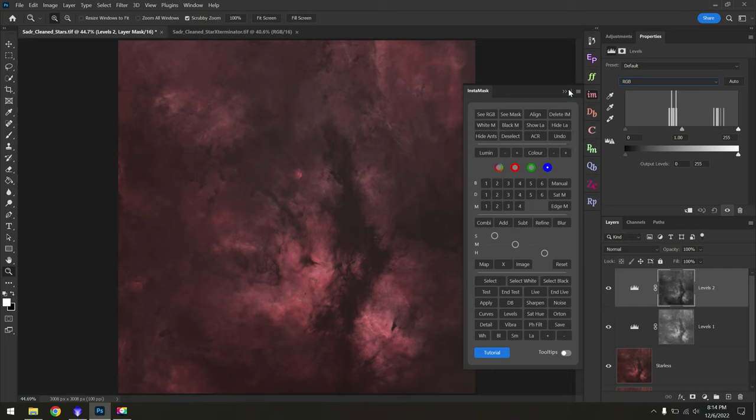Pretty impressive — and this is mainly thanks to Star Exterminator and Noise Exterminator which cleaned up the grain and got the stars out of the way. I'm going to save this as 'Sadar Final' for today, with the understanding that I might come back and put the final touches on it once I have a fresh look. That's all for today's processing tutorial. To wrap up, the ASI 533 does a really spectacular job for deep space astrophotography, and if you're looking for a fairly inexpensive monochrome camera, I think this is one of the best options out there. Thanks for watching and I'll see you in another video.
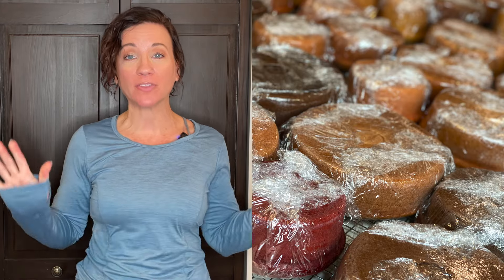Hi, it's Carolyn. I'm here to help you learn how to bake and decorate amazing cakes. And in this video, I am showing you how I bake all of the cakes that I'm making.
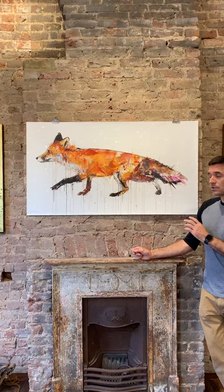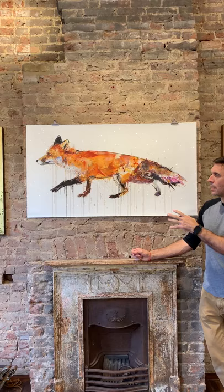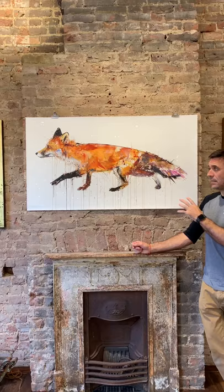He is an artist who is so interested in capturing the movement of animals through this spontaneous painting style. You get a real vibrancy and interesting colour palette in realising these animals.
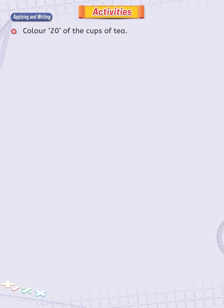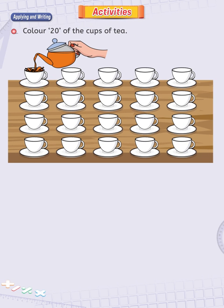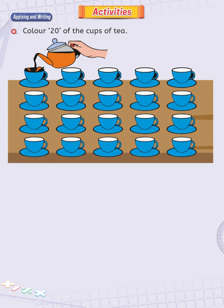Count 20 of the cups of tea. This is a very easy counting activity. Start counting from left to right in the first row. Stop counting when you reach the number 20. That's wonderful. Well done.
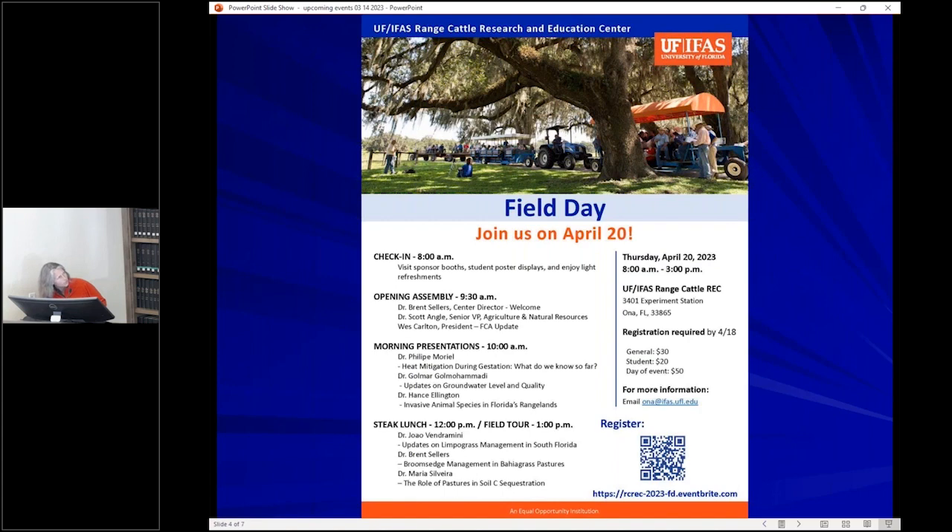We hope you can join us on April 20th here at the center for our next field day — a full day with morning talks, sponsor booths, refreshments, student research posters, an opening assembly with Dr. Sellers, Dr. Angle, and West Carlton, morning presentations, a wonderful steak lunch, and an afternoon field tour. Registration is $30 and will go fast — we're a bit limited on space so sign up soon if you plan to attend.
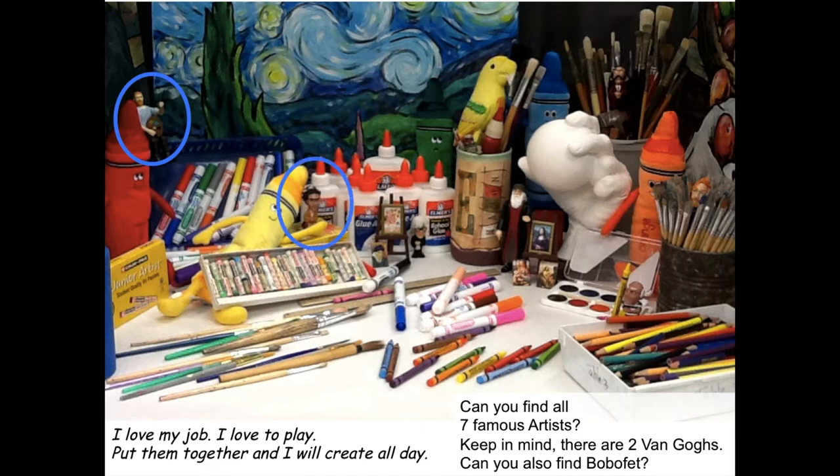There is Vincent van Gogh number one. There's Frida Kahlo. Andy Warhol. Leonardo da Vinci. Did you find Salvador Dali hiding in the brushes back there? And there's van Gogh number two — you only see his orange hair standing up in the brushes. There's Pablo Picasso. Boba Fett is actually in the container, which has a big 'E' and on the side it says 'imagine' — so if you put it together, it's a different way to spell imagine using your imagination.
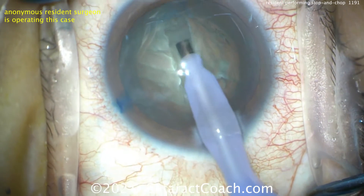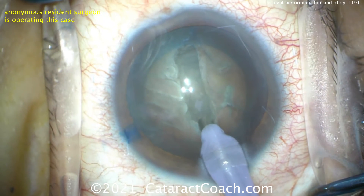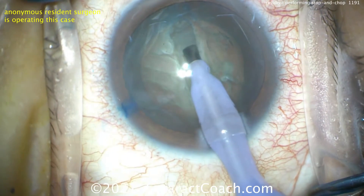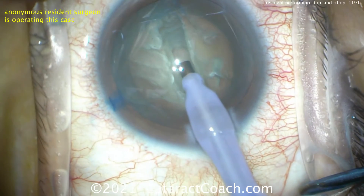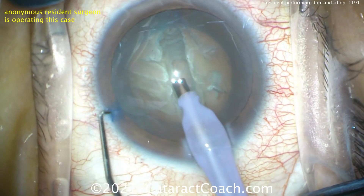Lifting up to avoid going too deep in any one spot. You can judge the depth of the groove when you start to see the red reflex shining through the bottom. You can also judge by comparing it to the phaco tip — how deep is it compared to that tip? That groove looks pretty good now.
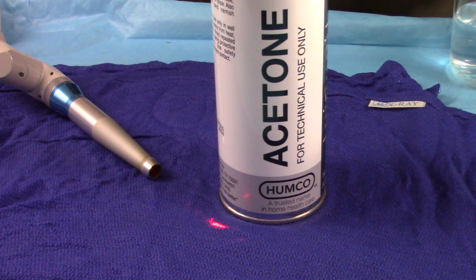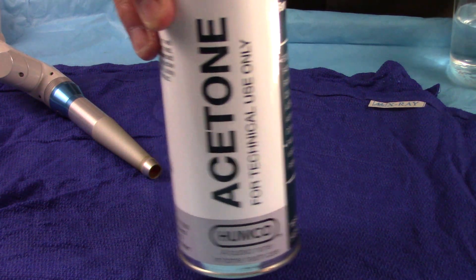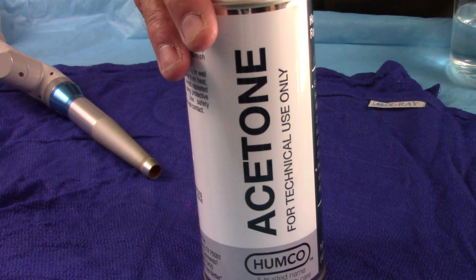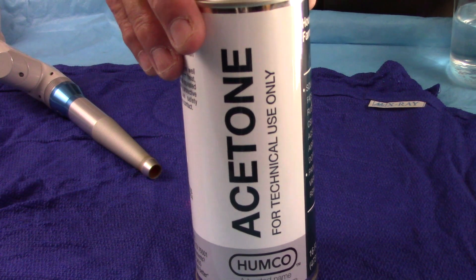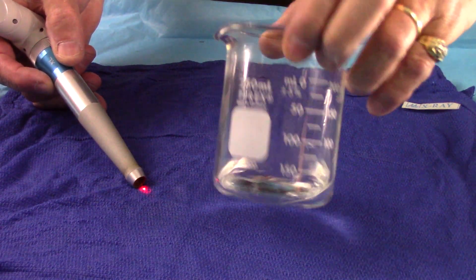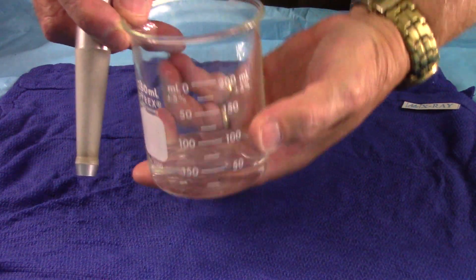Now let's try this a little bit differently. This time we're going to use highly flammable acetone. Usually in a medical surgical setting it would be a high concentration of alcohol that you'd be concerned with, but the acetone is even more flammable than the alcohol. Now I've poured the acetone into the beaker.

Exercise details:
The answer must be the data above, repeated exactly, with no pictures.

Worked solution:
Pretty impressive — and this is mainly thanks to Star Exterminator and Noise Exterminator which cleaned up the grain and got the stars out of the way. I'm going to save this as 'Sadar Final' for today, with the understanding that I might come back and put the final touches on it once I have a fresh look. That's all for today's processing tutorial. To wrap up, the ASI 533 does a really spectacular job for deep space astrophotography, and if you're looking for a fairly inexpensive monochrome camera, I think this is one of the best options out there. Thanks for watching and I'll see you in another video.
Hi, it's Carolyn. I'm here to help you learn how to bake and decorate amazing cakes. And in this video, I am showing you how I bake all of the cakes that I'm making.
He is an artist who is so interested in capturing the movement of animals through this spontaneous painting style. You get a real vibrancy and interesting colour palette in realising these animals.
Count 20 of the cups of tea. This is a very easy counting activity. Start counting from left to right in the first row. Stop counting when you reach the number 20. That's wonderful. Well done.
We hope you can join us on April 20th here at the center for our next field day — a full day with morning talks, sponsor booths, refreshments, student research posters, an opening assembly with Dr. Sellers, Dr. Angle, and West Carlton, morning presentations, a wonderful steak lunch, and an afternoon field tour. Registration is $30 and will go fast — we're a bit limited on space so sign up soon if you plan to attend.
There is Vincent van Gogh number one. There's Frida Kahlo. Andy Warhol. Leonardo da Vinci. Did you find Salvador Dali hiding in the brushes back there? And there's van Gogh number two — you only see his orange hair standing up in the brushes. There's Pablo Picasso. Boba Fett is actually in the container, which has a big 'E' and on the side it says 'imagine' — so if you put it together, it's a different way to spell imagine using your imagination.
Lifting up to avoid going too deep in any one spot. You can judge the depth of the groove when you start to see the red reflex shining through the bottom. You can also judge by comparing it to the phaco tip — how deep is it compared to that tip? That groove looks pretty good now.
Now let's try this a little bit differently. This time we're going to use highly flammable acetone. Usually in a medical surgical setting it would be a high concentration of alcohol that you'd be concerned with, but the acetone is even more flammable than the alcohol. Now I've poured the acetone into the beaker.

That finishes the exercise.